=== Required action ===
Somewhere below are a line with "ROY KING Royking" and a later line with "Proud Canadian Shadow". Output exactly those lines and all lines between them.

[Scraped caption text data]
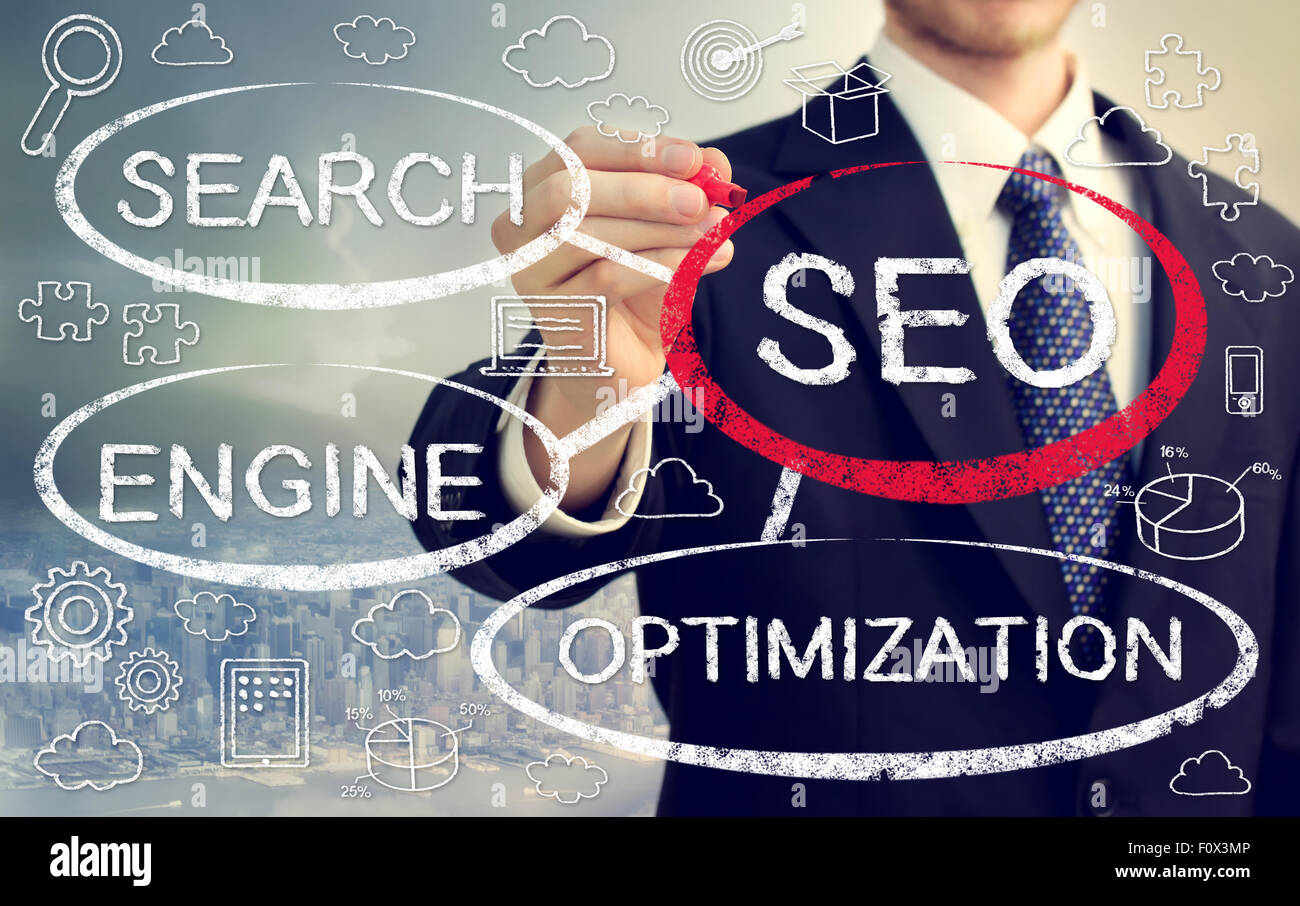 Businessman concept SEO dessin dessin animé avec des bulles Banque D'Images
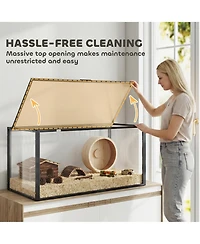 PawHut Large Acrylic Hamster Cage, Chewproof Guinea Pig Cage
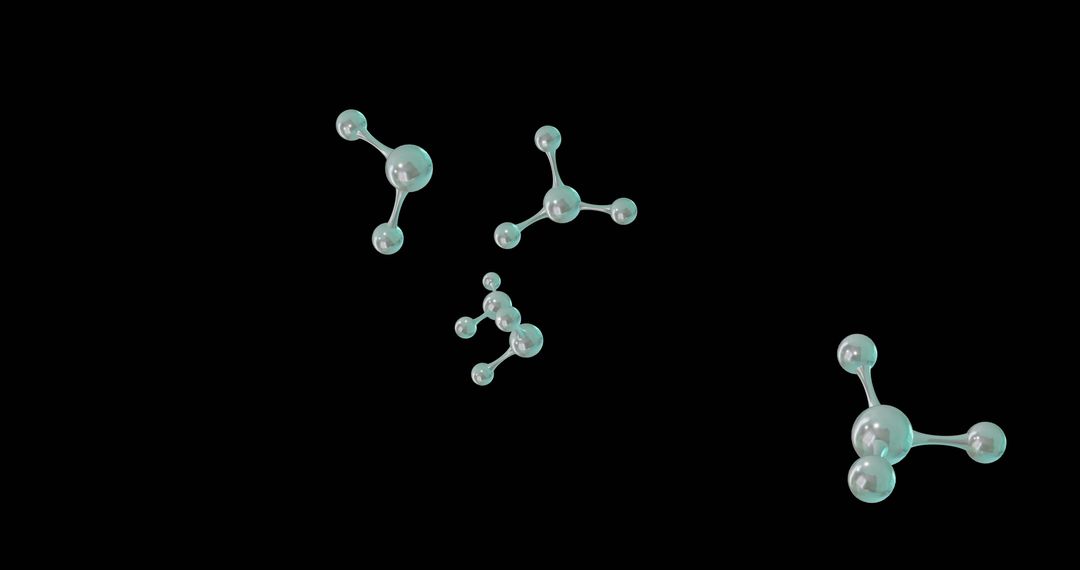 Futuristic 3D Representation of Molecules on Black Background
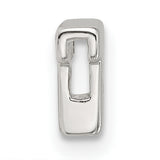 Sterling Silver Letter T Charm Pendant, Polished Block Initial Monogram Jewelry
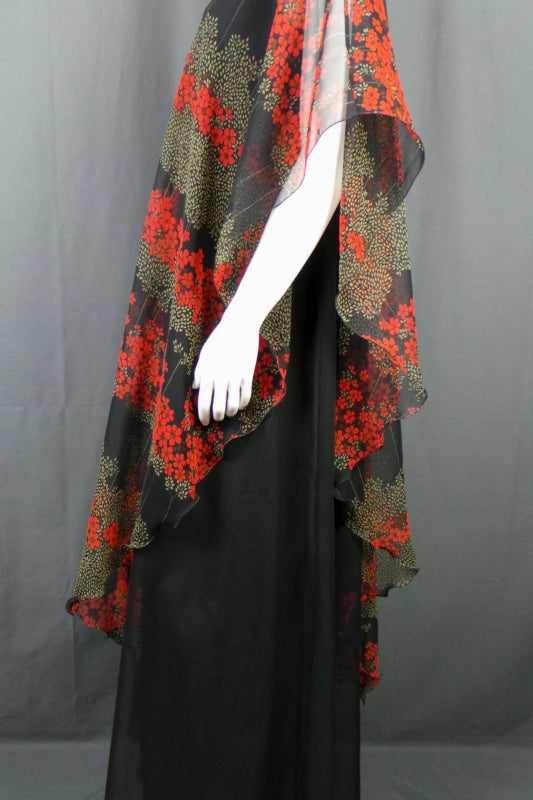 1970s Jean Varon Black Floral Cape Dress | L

---

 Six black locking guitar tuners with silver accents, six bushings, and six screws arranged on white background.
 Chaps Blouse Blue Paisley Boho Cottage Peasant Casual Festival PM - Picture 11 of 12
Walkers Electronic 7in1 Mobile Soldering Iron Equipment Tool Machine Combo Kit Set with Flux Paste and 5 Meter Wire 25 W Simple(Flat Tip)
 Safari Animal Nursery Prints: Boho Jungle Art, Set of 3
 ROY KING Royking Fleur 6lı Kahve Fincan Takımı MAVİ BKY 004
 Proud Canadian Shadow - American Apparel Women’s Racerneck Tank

=== Written answer ===
 ROY KING Royking Fleur 6lı Kahve Fincan Takımı MAVİ BKY 004
 Proud Canadian Shadow - American Apparel Women’s Racerneck Tank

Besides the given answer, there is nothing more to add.